Published July 17, 2026 at 8:29 AM ET · Updated July 17, 2026 at 10:13 AM ET
The Justice Department drops its defense of the post office firearms carry ban.
1 independent outlets are covering this story. Verification: Watching — single-source — not yet independently corroborated. Patriot Watch links to original reporting; we don't republish it.
The Justice Department has dropped its legal defense of the ban on carrying firearms in post offices. The policy had barred individuals from bringing firearms onto postal service property.
Patriot Watch first flagged this story 3 hr ago, when Bearing Arms reported it. So far this remains a single-source report. The most recent report came 3 hr ago from Bearing Arms. Verification tier: Watching — single-source — not yet independently corroborated.
⚖ The Constitutional Angle
Under Bruen, a firearms regulation survives only if the government shows it is consistent with the Nation's historical tradition of regulation. Heller separately noted that longstanding bans on carrying in sensitive places remain presumptively lawful. The post office ban therefore turns on whether a post office qualifies as a historically rooted sensitive place, and DOJ's decision to stop defending it signals doubt that the historical record supports that classification.
New York State Rifle & Pistol Association v. Kevin P. Bruen, Superintendent of New York State Police 597 U.S. 1 (2022)
Vote: 6-3 · Opinion: Thomas
New York's requirement that applicants demonstrate 'proper cause' — a special need for self-protection distinguishable from the general community — to obtain an unrestricted public-carry license violates the Fourteenth Amendment by preventing law-abiding citizens with ordinary self-defense needs from exercising their Second Amendment right to keep and bear arms in public. The Court held the Second Amendment protects a right to carry handguns publicly for self-defense, and rejected the two-step means-end framework lower courts had applied after Heller.
District of Columbia v.

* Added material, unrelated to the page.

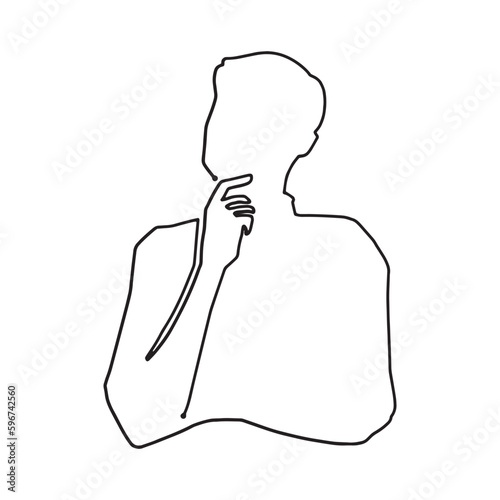 顎に手を当てて考える男性一筆書きイラスト　シルエット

Heller 554 U.S. 570 (2008)
Vote: 5-4 · Opinion: Scalia
The Second Amendment protects an individual right to possess a firearm unconnected with service in a militia and to use it for traditionally lawful purposes such as self-defense within the home. The right is not unlimited: the Court noted that longstanding prohibitions (e.g., possession by felons and the mentally ill, carrying in sensitive places, conditions on commercial sale) remain presumptively lawful. D.C.'s ban on handgun possession in the home and its requirement that lawful firearms in the home be kept nonfunctional violate the Second Amendment.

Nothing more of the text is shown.